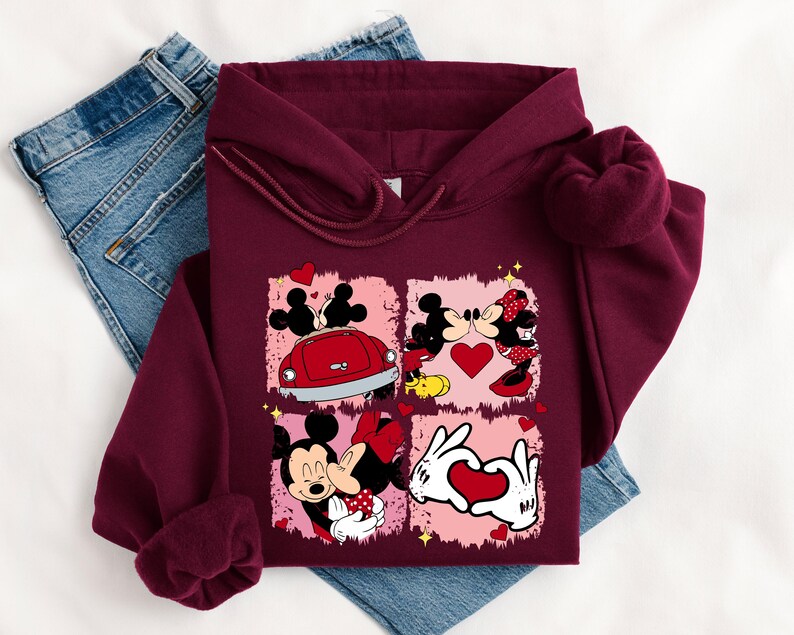 May include: Burgundy hoodie with a graphic of Mickey and Minnie Mouse in romantic scenes. The design includes a red car, hearts, and the couple kissing. The hoodie is displayed on a pair of blue jeans.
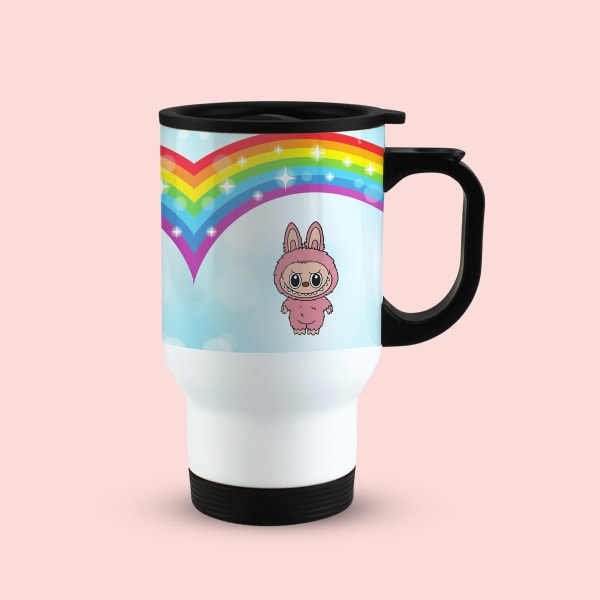 A white travel mug with a black handle and lid, featuring a pink monster character under a rainbow arch.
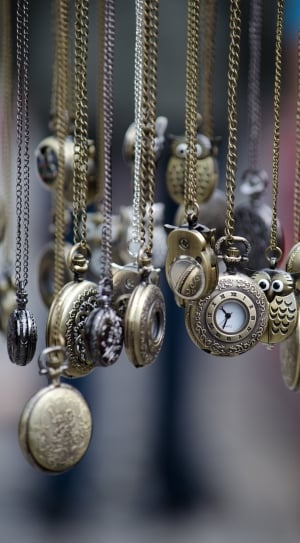 close up photography brass pocket watches thumbnail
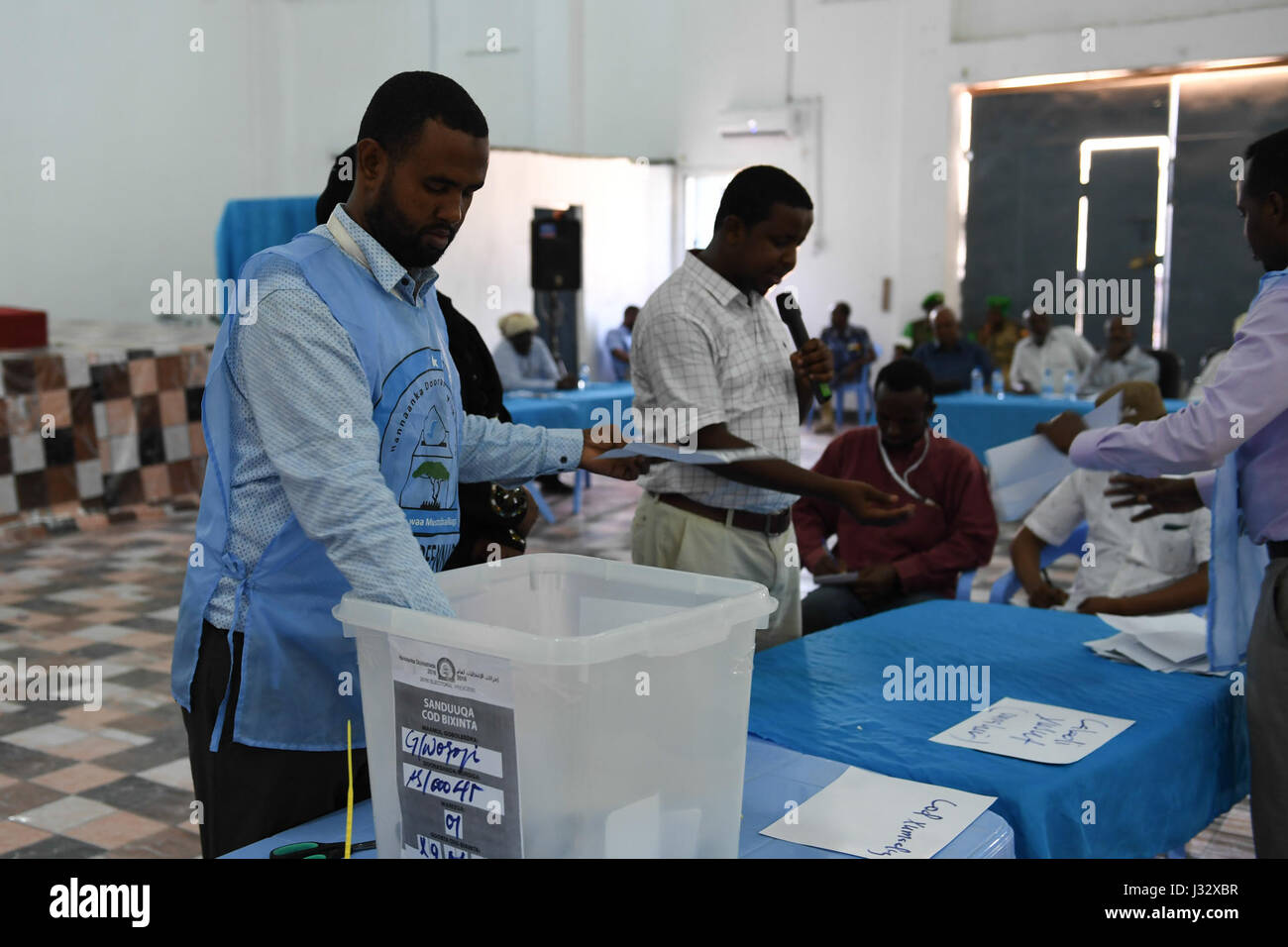 Electoral officials count votes during the ongoing electoral process to choose Somaliland's representatives to the Upper House of the Federal Parliament in Mogadishu, Somalia, on January 8, 2017. AMISOM Photo / Omar Abdisalan Stock Photo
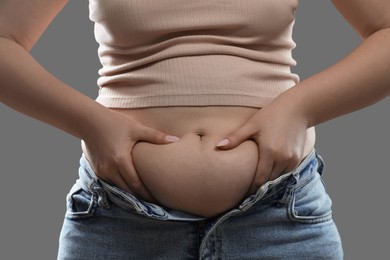 Woman touching belly fat on grey background, closeup. Overweight problem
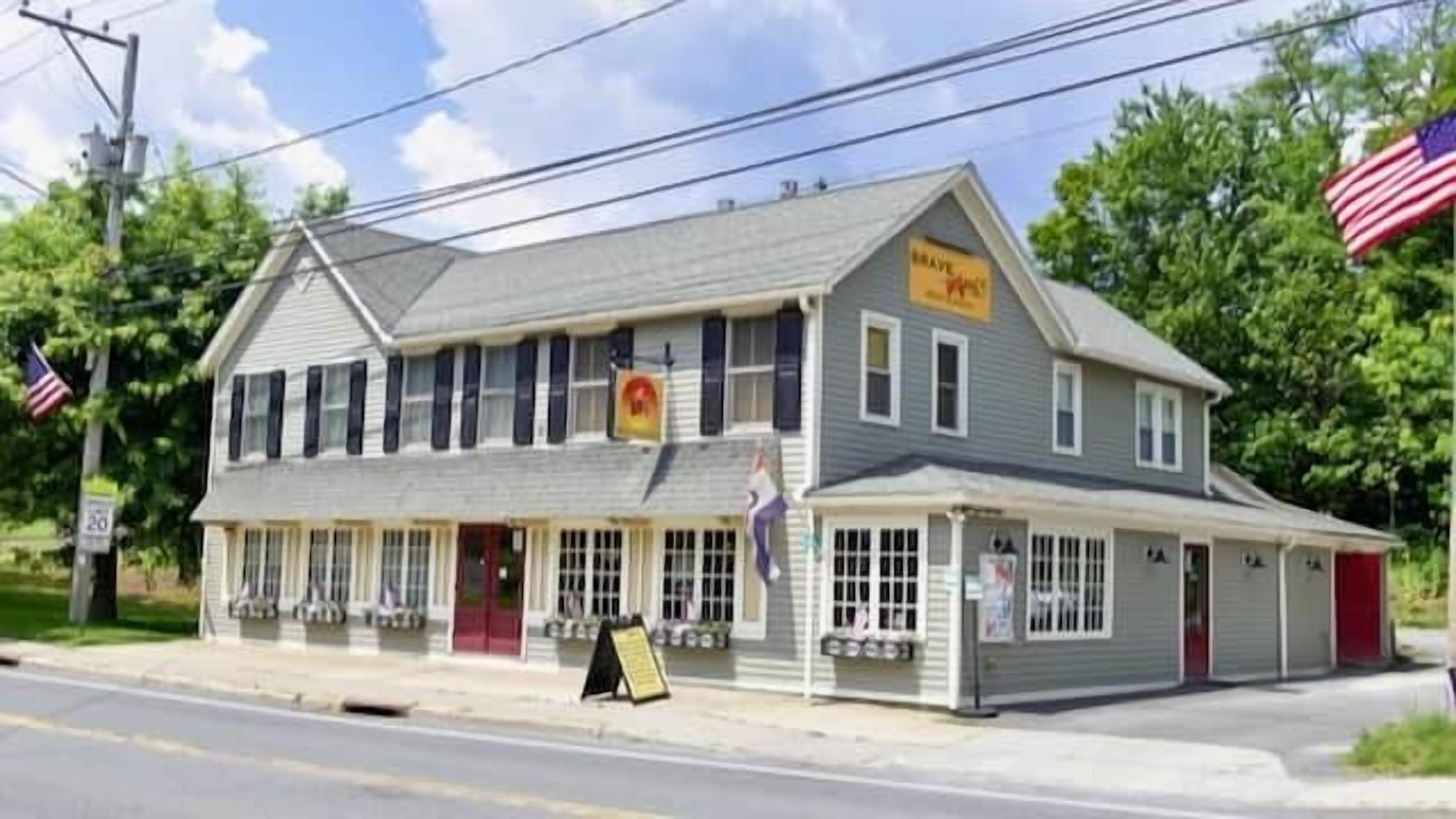 A two-story building with a red door and multiple windows.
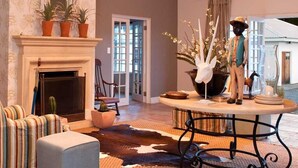 Ein Wohnzimmer mit Kamin, einem runden Tisch mit Blumenvase und einem Cowhide-Teppich.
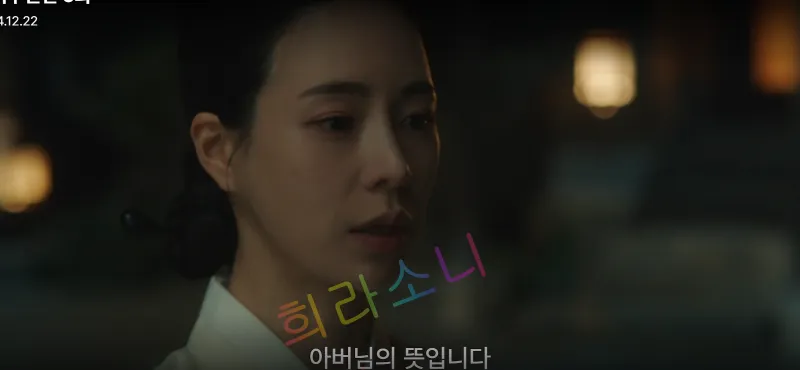 어두운 배경에서 흰색 한복을 입은 태영이 고요하고 담담한 표정으로 말을 하고 있다. 배경은 실내이며 불빛이 은은하게 비치고 있다. 자막은 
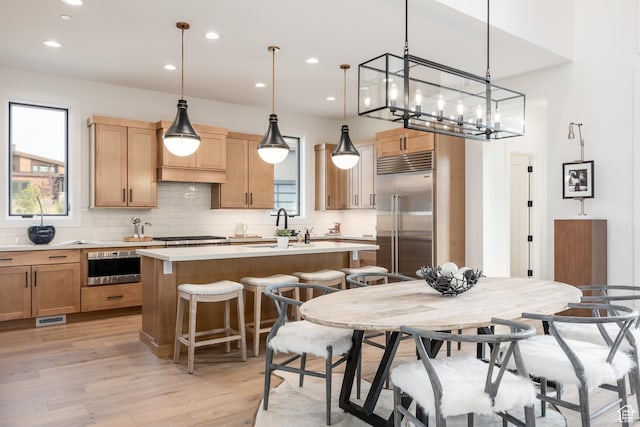 kitchen featuring a kitchen island, light countertops, appliances with stainless steel finishes, and a healthy amount of sunlight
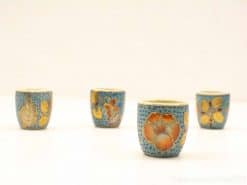 Vibrant vintage ceramic cups with floral designs in blue, orange, and purple accents.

◇ ◇ ◇ ◇ ◇

### Exercise brief
Would you give again, exactly, the lines in the data above that run from the line containing "Electoral officials count" to the line containing "Woman touching belly"? Include both ends and no pictures.

### Reply to the task
 Electoral officials count votes during the ongoing electoral process to choose Somaliland's representatives to the Upper House of the Federal Parliament in Mogadishu, Somalia, on January 8, 2017. AMISOM Photo / Omar Abdisalan Stock Photo
 Woman touching belly fat on grey background, closeup. Overweight problem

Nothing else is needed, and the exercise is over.